Surviving Late-Onset Necrotizing Enterocolitis 2016-11-16T08:38:28+00:00

Surviving Late-Onset Necrotizing Enterocolitis

by Laura B. Martin

We were thrust into the world of prematurity when our twin boys arrived at 24 weeks gestation after a mere seven hours of labor. Campbell could not survive his extreme complications from prematurity and passed away after 23 days of life. Joseph spent a tumultuous 228 days in the Neonatal ICU before coming home for the first time.

JosephNECWe were a few days into our NICU journey when we learned of Necrotizing Enterocolitis (NEC). We learned that NEC often strikes quickly and without warning in premature infants. NEC causes intestines to become gangrenous without any known cause. Some survive, but many do not. Some are treated surgically, and some are treated with antibiotics or a combination of the two. Some are left with no side effects, and some are left completely IV dependent with very little functional bowel.
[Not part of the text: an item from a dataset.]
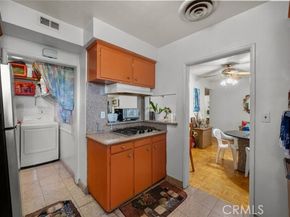 8062 Tyrone Avenue, Panorama City (los Angeles) CA 91402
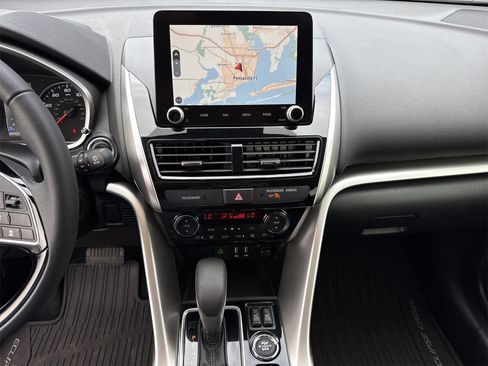 Used 2024 Mitsubishi Eclipse Cross SE image 30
It is a horrific infection.

This is the story of Joseph’s battle with NEC, which occurred much later than usual, and its impact on his life.

So Close to Home

When we learned of NEC, we were told that once we reached Joseph’s due date, we could cross it off our list of things to worry about. We were told that rarely, if ever, does it occur after a baby reaches 40 weeks gestation. When we finally reached Joseph’s due date, my husband, Scott, and I breathed a collective sigh of relief that Joseph had been spared a run-in with NEC.

Five and a half months after Joseph’s birth and eight weeks past his due date, we were finally within days of discharge. We were so close to bringing Joseph home that we could taste it. The crib was set up, all of his clothes were washed, we had been trained on how to change his gastrostomy tube (G-tube), oxygen tanks had been delivered, paperwork had been completed to be out of work for “maternity” leave. We were bringing our survivor twin home!

Four days before discharge, it became apparent that Joseph was getting sick. He started having diarrhea, but it was attributed to the rotavirus vaccine he received two days prior and a change in formula. He had an elevated heart rate and his oxygen requirements were slowly increasing. Joseph starting running a temperature and an IV for administering fluid had been placed. It was clear that discharge was going to be delayed.

We were crushed.

Necrotizing Enterocolitis

Joseph continued to slowly worsen. Antibiotics were started and cultures were sent to the lab for analysis. Two days before what was to have been Joseph’s discharge day, we received a call from the neonatologist. She had entered Joseph’s room for rounds around 9 am. Joseph was gray, bloated, they were placing him on a ventilator, and he was being moved to the critical side of the NICU.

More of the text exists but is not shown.